Nel corso della CIM, due squadre si confrontano per cercare di negoziare al meglio davanti ad un mediatore. Ma come è possibile dimostrare chi sia effettivamente il migliore se lo scopo non è quello di prevalere bensì di collaborare al meglio?

Farei una premessa. Non so se sia esatto dire che lo scopo della mediazione è collaborare al meglio.
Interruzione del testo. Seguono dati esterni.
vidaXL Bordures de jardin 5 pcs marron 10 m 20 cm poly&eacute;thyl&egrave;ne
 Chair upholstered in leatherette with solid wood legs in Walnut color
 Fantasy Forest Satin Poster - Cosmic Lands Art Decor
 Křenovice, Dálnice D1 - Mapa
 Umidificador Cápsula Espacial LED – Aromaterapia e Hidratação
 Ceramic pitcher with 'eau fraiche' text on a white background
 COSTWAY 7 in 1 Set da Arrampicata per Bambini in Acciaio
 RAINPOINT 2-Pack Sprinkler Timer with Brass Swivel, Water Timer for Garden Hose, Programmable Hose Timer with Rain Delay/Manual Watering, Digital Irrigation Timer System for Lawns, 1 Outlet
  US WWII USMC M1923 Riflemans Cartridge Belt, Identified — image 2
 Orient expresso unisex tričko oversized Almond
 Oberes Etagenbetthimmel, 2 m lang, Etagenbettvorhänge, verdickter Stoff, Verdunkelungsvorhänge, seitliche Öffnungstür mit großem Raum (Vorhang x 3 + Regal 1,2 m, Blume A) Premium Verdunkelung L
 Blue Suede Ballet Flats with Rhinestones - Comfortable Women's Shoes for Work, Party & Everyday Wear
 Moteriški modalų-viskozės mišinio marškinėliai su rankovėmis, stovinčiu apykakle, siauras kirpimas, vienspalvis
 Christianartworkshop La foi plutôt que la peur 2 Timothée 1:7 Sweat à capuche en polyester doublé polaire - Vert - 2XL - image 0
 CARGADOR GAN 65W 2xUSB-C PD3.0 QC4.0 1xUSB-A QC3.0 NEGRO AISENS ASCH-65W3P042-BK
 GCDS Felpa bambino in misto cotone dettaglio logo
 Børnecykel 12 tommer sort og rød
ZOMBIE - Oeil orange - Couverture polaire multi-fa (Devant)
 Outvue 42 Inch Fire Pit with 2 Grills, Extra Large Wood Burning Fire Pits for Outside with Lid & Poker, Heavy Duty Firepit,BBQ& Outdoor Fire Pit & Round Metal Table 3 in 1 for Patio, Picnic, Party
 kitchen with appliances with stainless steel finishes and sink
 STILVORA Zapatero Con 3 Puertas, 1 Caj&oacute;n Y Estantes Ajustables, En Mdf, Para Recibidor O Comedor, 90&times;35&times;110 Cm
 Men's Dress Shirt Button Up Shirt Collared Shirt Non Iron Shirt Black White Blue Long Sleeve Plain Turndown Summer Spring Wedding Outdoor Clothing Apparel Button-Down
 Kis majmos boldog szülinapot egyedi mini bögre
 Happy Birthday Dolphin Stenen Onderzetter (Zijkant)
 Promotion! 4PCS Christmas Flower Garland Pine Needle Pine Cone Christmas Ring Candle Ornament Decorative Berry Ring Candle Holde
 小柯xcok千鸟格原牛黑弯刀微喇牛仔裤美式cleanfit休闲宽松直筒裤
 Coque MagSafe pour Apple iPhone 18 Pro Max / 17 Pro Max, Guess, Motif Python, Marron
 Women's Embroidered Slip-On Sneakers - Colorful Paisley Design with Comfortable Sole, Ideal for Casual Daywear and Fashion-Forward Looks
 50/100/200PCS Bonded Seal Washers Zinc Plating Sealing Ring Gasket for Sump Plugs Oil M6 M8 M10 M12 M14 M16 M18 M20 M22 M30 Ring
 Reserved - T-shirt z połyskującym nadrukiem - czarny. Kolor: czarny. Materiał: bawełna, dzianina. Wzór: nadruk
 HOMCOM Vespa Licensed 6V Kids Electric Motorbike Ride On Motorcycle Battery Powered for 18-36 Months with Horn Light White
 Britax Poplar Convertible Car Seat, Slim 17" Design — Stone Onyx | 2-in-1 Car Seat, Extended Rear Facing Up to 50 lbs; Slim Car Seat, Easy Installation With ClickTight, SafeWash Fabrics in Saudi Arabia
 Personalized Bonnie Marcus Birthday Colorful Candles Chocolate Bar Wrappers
Io direi che per le parti lo scopo della mediazione è trovare una soluzione al problema dato dalla controversia, che sia accettabile per entrambe e quindi una soluzione che invece di identificare vincitori e vinti, tracci una terza strada.
Le squadre che si confrontano nella CIM dovrebbero pertanto dimostrare la capacità di negoziare seguendo la terza strada. “Seguire la terza strada” significa identificare quelli che sono i propri bisogni e essere consapevoli di quali sono le proprie priorità, ascoltare l’altra parte per capire quali sono i suoi bisogni e priorità, cercare bisogni comuni e una soluzione condivisa che rispetti al meglio le priorità di entrambe le parti.
La squadra migliore è quella che meglio riesce a uscire da uno schema di ragionamento ragione / torto e lavora per una soluzione pratica, non tanto per spirito di collaborazione, ma piuttosto con la consapevolezza di volere / potere raggiungere un risultato migliore negoziando piuttosto che andando in giudizio.

Si discute sempre molto di quale sia il ruolo di un avvocato in mediazione. Nella CIM i ragazzi, ancora studenti, riescono ad entrare nella parte in modo efficace?

Certamente non è facile per degli studenti ricoprire il ruolo di avvocato in mediazione. Diciamoci la verità spesso non è facile nemmeno per dei “veri avvocati”.
L’errore che si riscontra spesso è che “fare l’avvocato” in mediazione si ritiene sinonimo di essere aggressivi o far valere i diritti dell’assistito. Partendo da queste premesse si ritiene che un “bravo avvocato” in mediazione debba intervenire poco. In verità l’avvocato in mediazione dovrebbe condurre la negoziazione, consapevole delle priorità del proprio assistito, cedendo il passo alla parte lì dove ci sono aspetti personali, tecnici o commerciali da esaminare. L’incontro di mediazione dovrebbe sempre essere accuratamente preparato in modo che parte ed avvocato possano agire in squadra.
Nell’ambito della CIM, considerando il ruolo svolto dall’avvocato, io solitamente cerco di capire se parte e avvocato hanno studiato una strategia e premio l’avvocato che interviene guidando il cliente verso gli obiettivi che si sono posti.

Qual è l’aspetto più difficile del valutare le squadre?

Valutare capacità di negoziazione è molto difficile, perché le prestazioni di ciascuna parte dipendono non solo dalle proprie capacità ma anche dalla capacità e dalla modalità di reazione dell’altra. Ritengo che in una competizione, se si vuole fare una valutazione equa, bisogna necessariamente essere oggettivi e fare riferimento a dei parametri prestabiliti.

Anche in questa Competizione, alla fine, ci sono vincitori e vinti. Ma non è un controsenso, parlando di mediazione?
Non credo che sia un controsenso parlare di vincitori visto che una competizione la si fa per identificare il migliore. Nel caso della CIM sarà la squadra che ha dimostrato le migliori capacità di prendere parte ad una mediazione.